4 de julio de 2012

Escribir. Por qué, para qué, sobre qué.


En un artículo reciente, Francesc Miralles contaba cómo descubrió que todo puede ser literatura a la vez que resolvía su primer dilema como escritor: qué escribir cuando no sabes de qué escribir.
Yo no tenía carpeta azul, como Francesc. Yo tenía cuadernos. Los escogía con mimo, los rescataba de las papelerías donde me esperaban y les daba un uso -eso creía yo- memorable. Porque yo, cuando era inédita y jovencísima, tenía mucha seguridad con respecto a mis dotes como escritora. Me creía Homero. Las dudas vinieron después, cuando comencé a ser escritora de verdad y comprendí que mi literatura sólo podía ser el fruto de mis limitaciones. O una suma de todas ellas. Pero ese no es el tema de este artículo.
Así que estuve muchos años emborronando páginas inocentes desde que lo hice por primera vez,  el 20 de octubre de 1978. Al principio mis cuadernos eran una crónica de hechos objetivos de ninguna trascendencia. Poco a poco se volvieron -en los años de la adolescencia, sobre todo- un inventario de sentimientos. Llegaron los poemas, que guardaba aparte, en portafolios llenos de hojas sueltas, pero que acababa copiando en mis diarios. Con los años, otras cosas lo invadieron todo: reflexiones metafísicas, rebeldías inútiles, sueños de grandeza (siempre literaria), el dolor que todo lo cambia, la felicidad que llega con discreción, las luchas contra tus propios gigantes. Existe una crónica muy tediosa pero muy documentada de todo lo que me ocurrió entre los 8 y los 33 años.  Desde que comencé aquel año 1978 hasta que en 2003 dejé de escribir diarios porque me aburrí de mí misma. Dejé de escribir diarios, es verdad, pero no abandoné los cuadernos, que siguen yendo conmigo a todas partes, siempre que salgo de casa.

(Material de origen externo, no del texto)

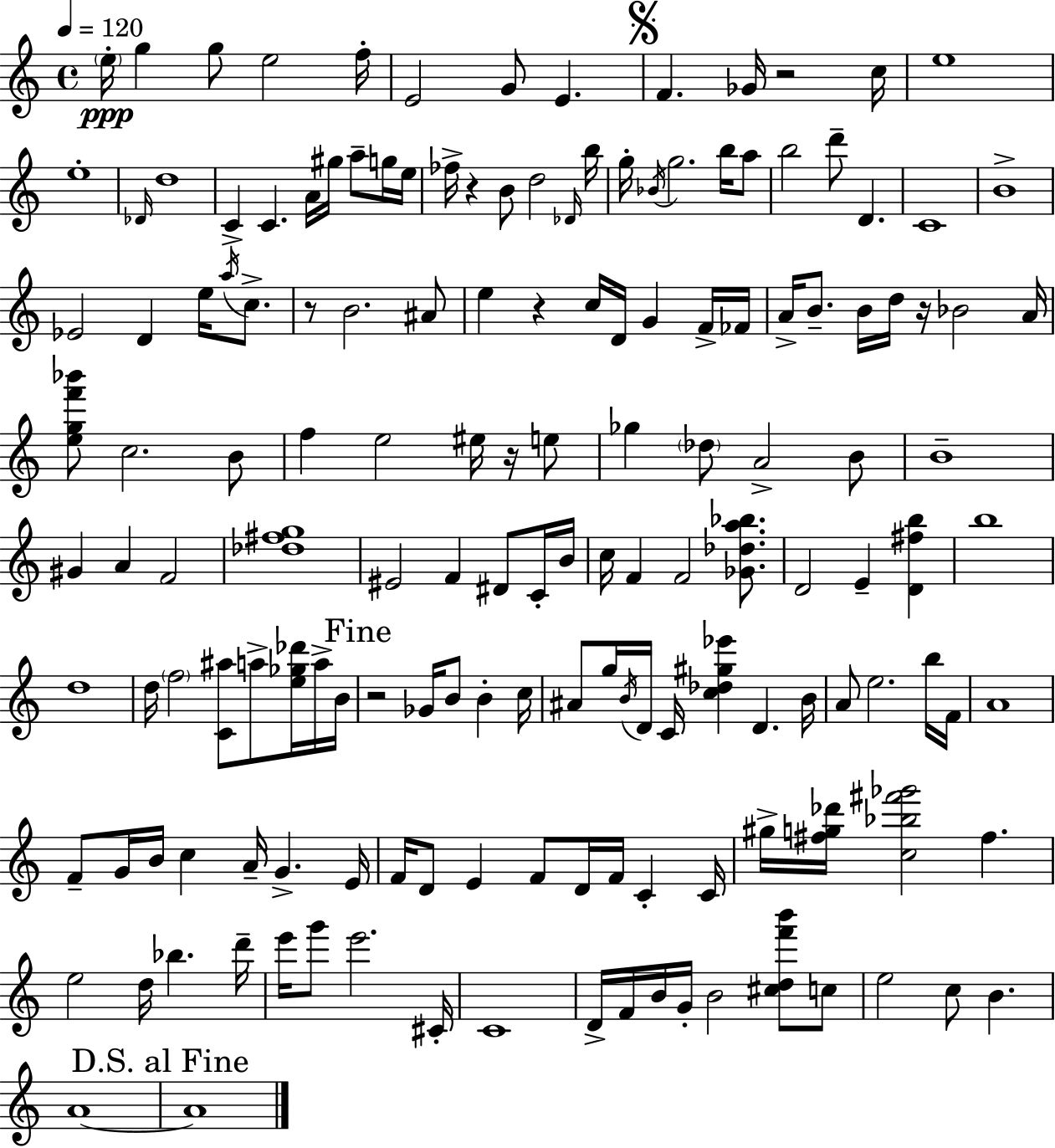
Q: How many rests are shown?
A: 7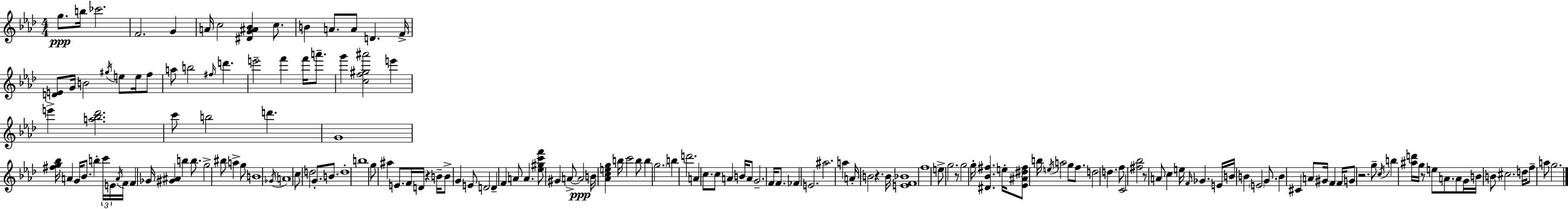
G5/e. B5/s CES6/h. F4/h. G4/q A4/s C5/h [D#4,G4,A#4,Bb4]/q C5/e. B4/q A4/e. A4/e D4/q. F4/s [D4,E4]/e G4/s B4/h G#5/s E5/e E5/s F5/e A5/e B5/h F#5/s D6/q. E6/h F6/q F6/s A6/e. G6/q [C5,F5,G#5,A#6]/h E6/q E6/q [A5,Bb5,Db6]/h. C6/e B5/h D6/q. G4/w [F#5,G5,Bb5]/s A4/q G4/s Bb4/e. B5/q C6/s E4/s A4/s F4/s F4/q Gb4/s [G#4,A#4]/q B5/q B5/e. G5/h BIS5/e A5/q G5/e B4/w Gb4/s A4/w C5/e D5/h G4/e. B4/e. D5/w B5/w G5/e A#5/q E4/e. F4/s D4/s R/q B4/s B4/e G4/q E4/e D4/h D4/q F4/q A4/e A4/q. [Eb5,G#5,C6,F6]/e G#4/q A4/e A4/h B4/s [Ab4,C5,E5,G5]/q B5/s C6/h B5/e B5/q G5/h. B5/q D6/h. A4/q C5/e. C5/e A4/q B4/s A4/e G4/h. F4/s F4/e. FES4/q E4/h. A#5/h. A5/q A4/s B4/h R/q. B4/s [E4,F4,Bb4]/w F5/w E5/e G5/h. R/e G5/h G5/s [D#4,Bb4,F#5]/q. E5/s [Eb4,A#4,D#5,F#5]/e B5/s E5/s A5/h G5/e F5/e. D5/h D5/q. F5/e C4/h [F#5,Bb5]/h R/e A4/e C5/q E5/s F4/s Gb4/q. E4/s B4/s B4/q E4/h G4/e. B4/q C#4/q A4/e G#4/s F4/q F4/s G4/e R/h. G5/e C5/s B5/q [A#5,D6]/s G5/s R/e E5/e A4/e. A4/e G4/s B4/s B4/e C#5/h. D5/s F5/e A5/e G5/h.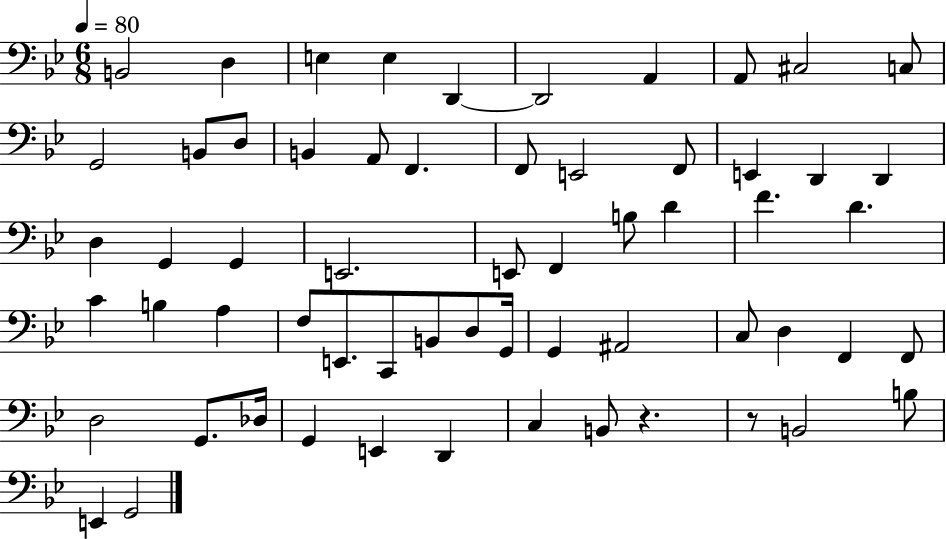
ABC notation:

X:1
T:Untitled
M:6/8
L:1/4
K:Bb
B,,2 D, E, E, D,, D,,2 A,, A,,/2 ^C,2 C,/2 G,,2 B,,/2 D,/2 B,, A,,/2 F,, F,,/2 E,,2 F,,/2 E,, D,, D,, D, G,, G,, E,,2 E,,/2 F,, B,/2 D F D C B, A, F,/2 E,,/2 C,,/2 B,,/2 D,/2 G,,/4 G,, ^A,,2 C,/2 D, F,, F,,/2 D,2 G,,/2 _D,/4 G,, E,, D,, C, B,,/2 z z/2 B,,2 B,/2 E,, G,,2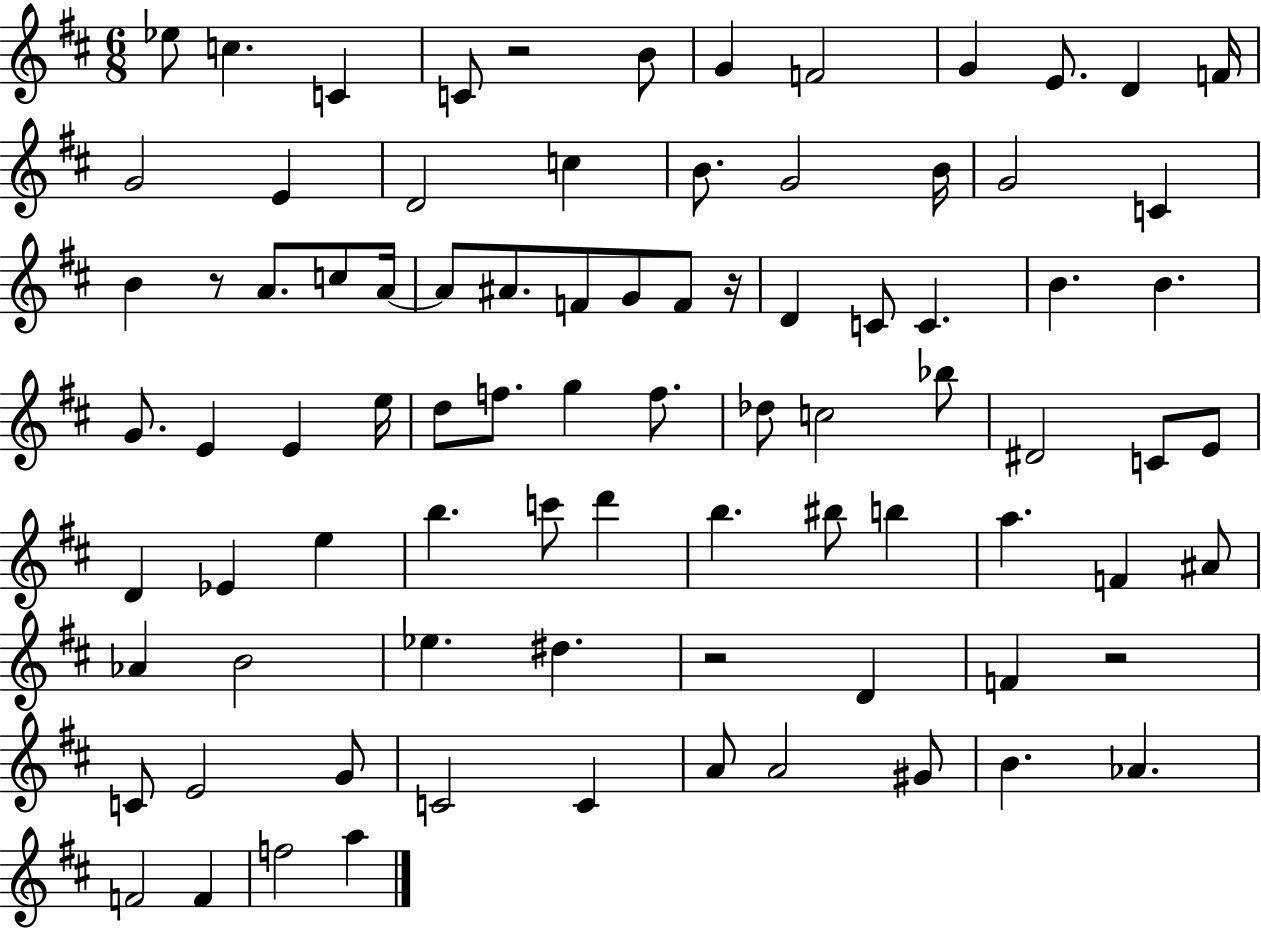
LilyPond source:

{
  \clef treble
  \numericTimeSignature
  \time 6/8
  \key d \major
  \repeat volta 2 { ees''8 c''4. c'4 | c'8 r2 b'8 | g'4 f'2 | g'4 e'8. d'4 f'16 | \break g'2 e'4 | d'2 c''4 | b'8. g'2 b'16 | g'2 c'4 | \break b'4 r8 a'8. c''8 a'16~~ | a'8 ais'8. f'8 g'8 f'8 r16 | d'4 c'8 c'4. | b'4. b'4. | \break g'8. e'4 e'4 e''16 | d''8 f''8. g''4 f''8. | des''8 c''2 bes''8 | dis'2 c'8 e'8 | \break d'4 ees'4 e''4 | b''4. c'''8 d'''4 | b''4. bis''8 b''4 | a''4. f'4 ais'8 | \break aes'4 b'2 | ees''4. dis''4. | r2 d'4 | f'4 r2 | \break c'8 e'2 g'8 | c'2 c'4 | a'8 a'2 gis'8 | b'4. aes'4. | \break f'2 f'4 | f''2 a''4 | } \bar "|."
}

Y es que un cuaderno es importante. Cada vez que alguien joven me pregunta: ¿Qué tengo que hacer para ser escritor? Yo le digo: Cómprate un cuaderno. Un cuaderno te convierte en escritor. Muñoz Molina lo dijo una vez: no tienes un cuaderno porque eres escritor sino que eres escritor porque tienes un cuaderno. De qué llenarlo. Esa es la cuestión, pero llega después.
He escrito siempre, toda mi vida, desde que tengo uso de razón. Sin motivo (lo estoy haciendo ahora mismo), sin argumento, sin mucha planificación, sin ánimo, en momentos de máxima felicidad y también en medio del horror. He pasado escribiendo todas las grandes crisis de mi vida. Pero hubo un año decisivo: 1993. Fue el año en que decidí que quería ser escritora. Jugar en primera división, a poder ser. O, por lo menos, intentarlo. Yo entonces estudiaba fatídicamente una carrera que aborrecía y que me dejaba muy poco tiempo para lo importante de verdad. Cuando me sentaba ante el teclado, era para escribir noticias periodísticas, porque también trabajaba para varios periódicos. En mi vida no cabía la reflexión y, menos aún, la ficción. Pero entonces murió mi padre y sentí una necesidad urgente, inaplazable, física de escribir.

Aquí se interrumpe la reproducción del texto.